Shaw University will ask the city of Raleigh to rezone its historic campus to allow buildings up to 40-stories tall on the university’s downtown property.
The rezoning is needed, university officials said, to put the historic Black university on solid footing after years of financial concerns and backlogged campus maintenance.
“We are fighting for our very existence,” Shaw University President Paulette Dillard said.
“Work with me,” she said. “Work with our community because Shaw has an opportunity to make a difference. But we will make that difference by working together, being honest and deciding the best way forward.”
A community meeting was held Monday night at the university’s Estey Hall Auditorium Monday night with more than 150 people attending in person and virtually. Shaw University has called downtown Raleigh home since 1865 and seen the influx in development surrounding its campus for decades.
The campus, about 28 acres, mostly sits between Wilmington, South and Person streets and Martin Luther King Jr. Boulevard.
Shaw needs this rezoning for greater financial flexibility that doesn’t rely on student tuition, Dillard said. The university would keep ownership of the land but would be able to lease the property to developers to allow taller, denser retail and housing.
The university could build anywhere from three to 12 stories with its current zoning and now is requesting going up to 30 and 40 stories. The rezoning will also ask that some of its property be removed from a historic overlay district, though officials promised they wouldn’t destroy historic property.
The exact plans for the property, if it is rezoned, aren’t finalized. Shaw would undergo a master planning process to decide the best way forward after the rezoning process.
‘Getting closed in’
An architectural rendering that showed tall buildings surrounding the campus caused some concerns from neighbors and alumni.
“I saw a lot of high-rise buildings, but I didn’t see much of Shaw University,” said Eugene Merrick. “We don’t seem to be expanding the university footprint. We seem to be getting closed in.”
Both Raleigh City Council members Corey Branch and Stormie Forte attended the meeting.
“I was happy that they were able to get some community feedback to hear about some of the concerns and challenges of the neighborhood, alumni and folks that have been directly impacted by whatever development they choose to do,” Forte said. “I certainly hope there will be some minority participation with minority developers and minority businesses.

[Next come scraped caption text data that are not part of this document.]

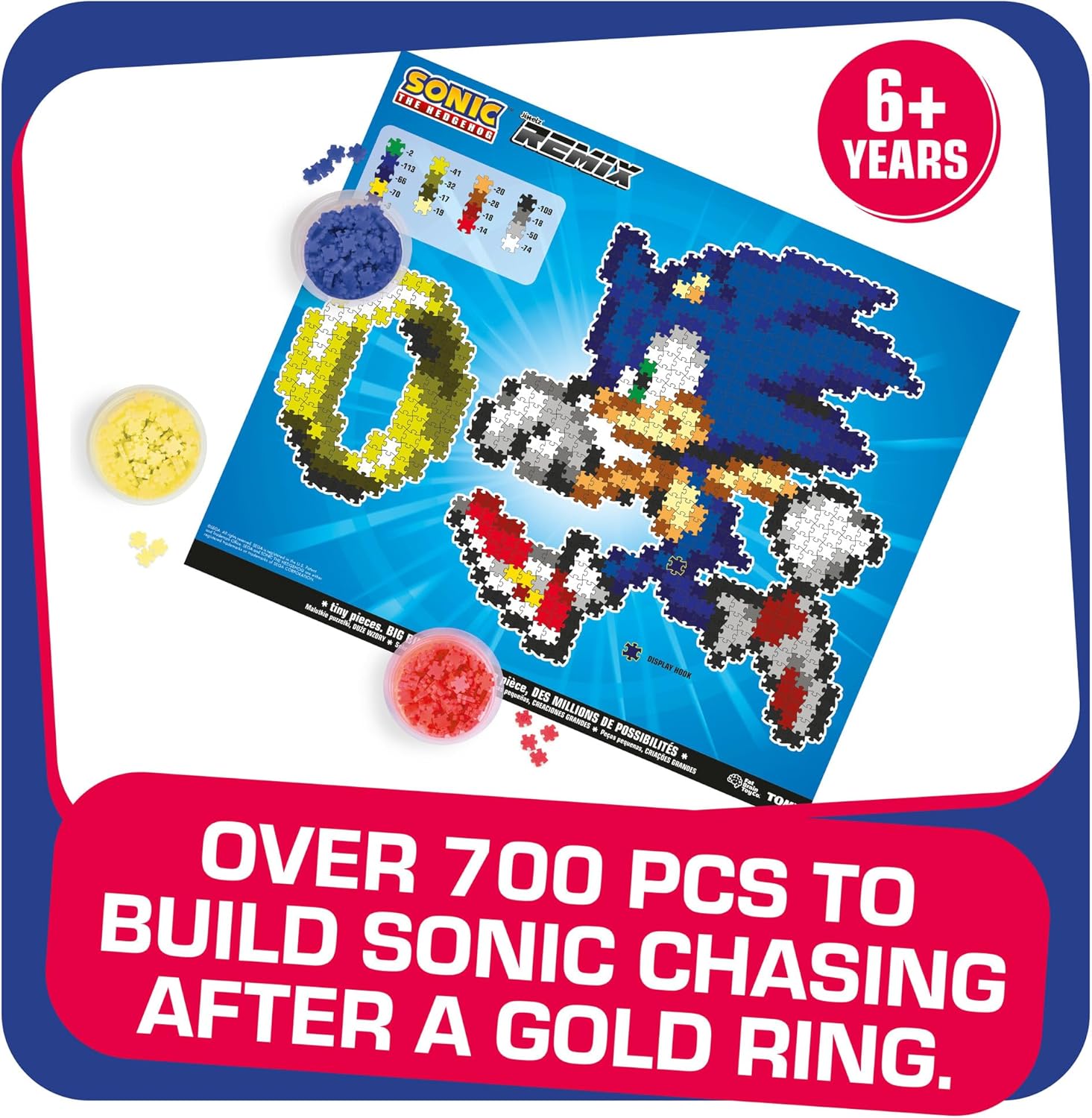 TOMY Jixelz® Remix Sonic The Hedgehog Craft Kit – Sonic & Ring – 700+ Pieces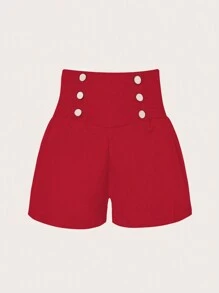 Celure 大碼紐扣細節寬腰帶短褲 - 紅色 - 查看 1
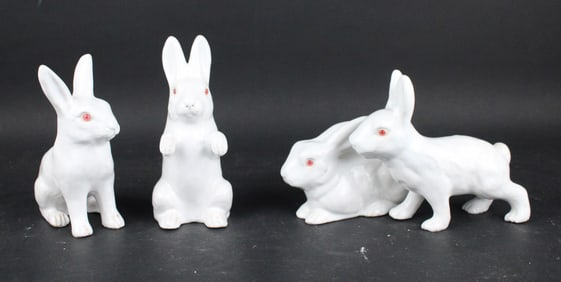 Four French Bavent Glazed Terracotta Bunny Rabbits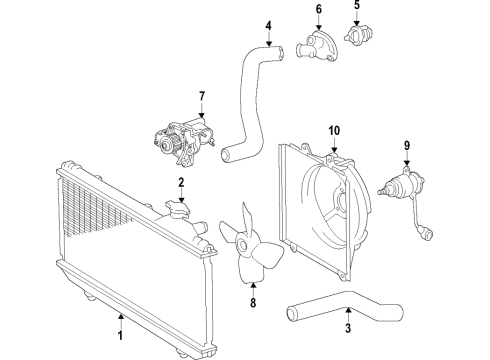 2001 Toyota Solara Radiator & Components, Cooling Fan Diagram 4 - Thumbnail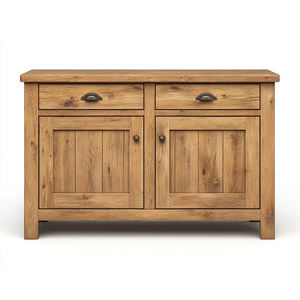 Buffet en bois massif rustique avec 4 portes de rangement et 2 tiroirs, crédence de style fermier pour salle à manger, vente en gros - Product Image 2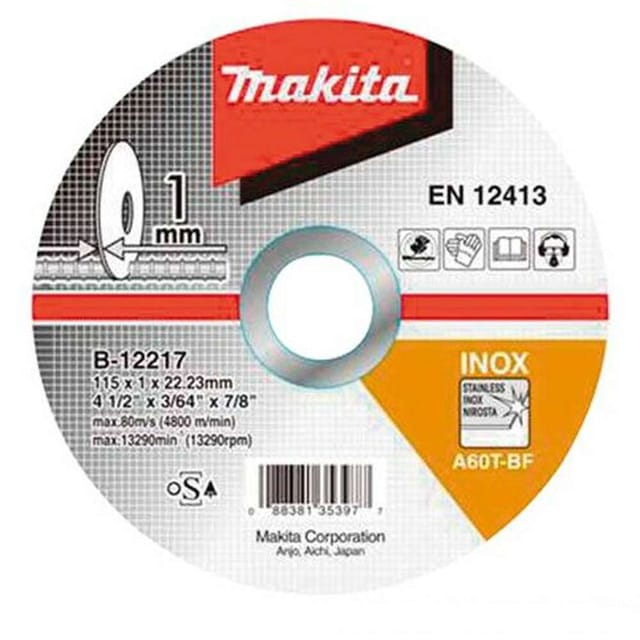 Makita B-12217 Thin Cutting Wheel 115 x 1.0 x 22.23mm A60T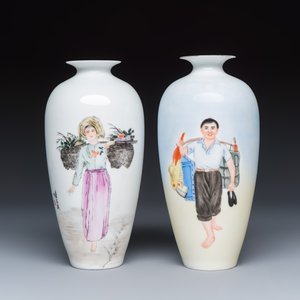 Two Chinese polychrome semi-eggshell vases with figural design — photo 2
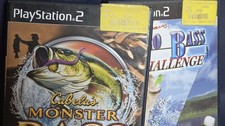 PS2 Fishing Game Lot Cabela's Monster Bass & Rapala Pro Bass Challenge Tested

But hopefully, they will keep the community engaged and have more conversations about what longtime residents want to see in the area.”
What’s next: The official rezoning application will likely be submitted in the next few weeks and will include some conditions about preserving the historic properties on the campus, said Mack Paul, the attorney representing the university in the rezoning.
Once a rezoning application is submitted it will have to be reviewed by the city’s planning commission and the Raleigh City Council, which will include a public hearing.